# INFORMATION SHOWN
————————
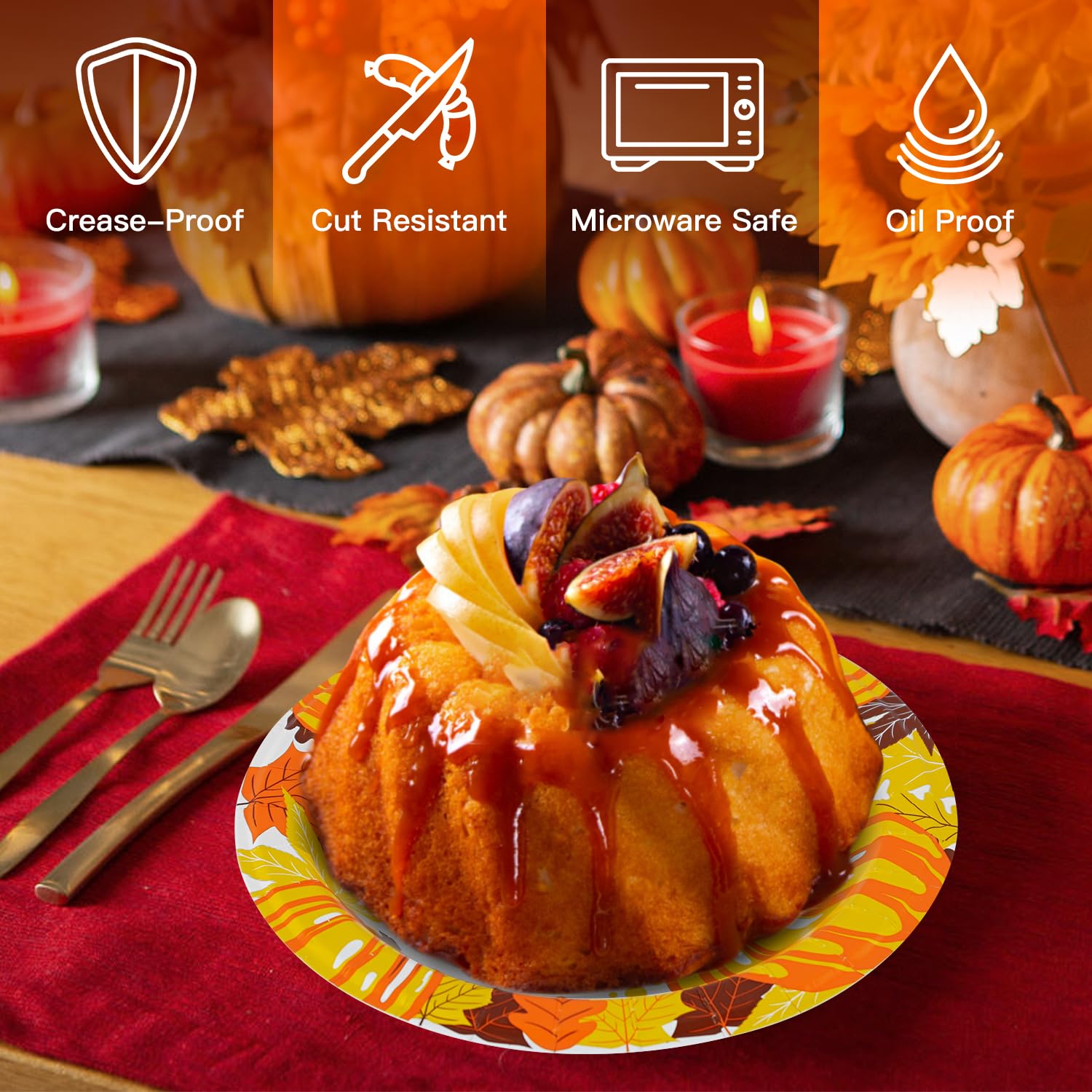 Charmount 50-Pack Thanksgiving Paper Plates 8.5 Inch - Fall Autumn Leaves Pumpkin Design Disposable Dinner Plates for Holiday Parties, Family Gatherings & Dessert Serving (Heavy Duty Bulk Paper Plates) - Perfect for Thanksgiving Dinner, Halloween Parties, Autumn Celebrations & Office Potlucks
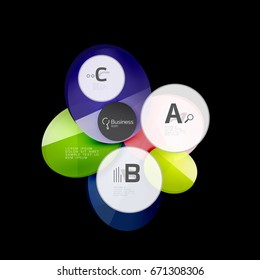 Abstract circles on black. Glass elements banner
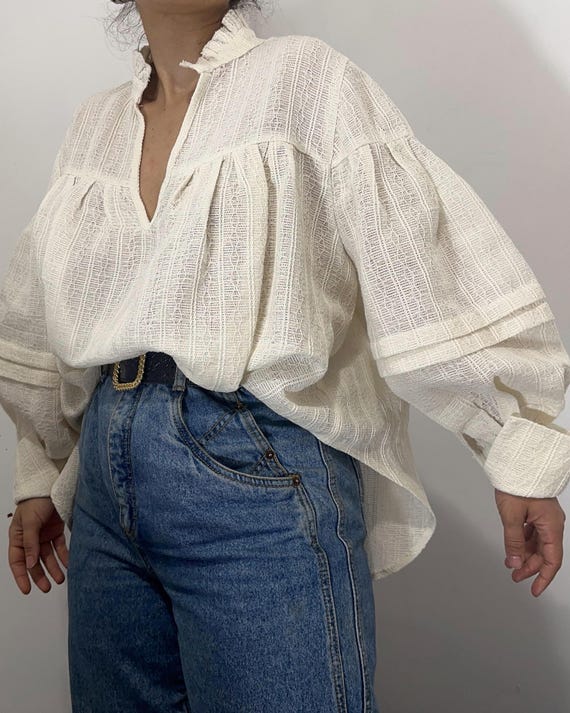The Ghost Blouse | Linen Cotton Romantic Blouse | Victorian Inspired Cottagecore Top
————————
# YOUR TASK
Without the pictures, write out the whole listing above exactly as it appears.

# WRITTEN ANSWER
 Charmount 50-Pack Thanksgiving Paper Plates 8.5 Inch - Fall Autumn Leaves Pumpkin Design Disposable Dinner Plates for Holiday Parties, Family Gatherings & Dessert Serving (Heavy Duty Bulk Paper Plates) - Perfect for Thanksgiving Dinner, Halloween Parties, Autumn Celebrations & Office Potlucks
 Abstract circles on black. Glass elements banner
The Ghost Blouse | Linen Cotton Romantic Blouse | Victorian Inspired Cottagecore Top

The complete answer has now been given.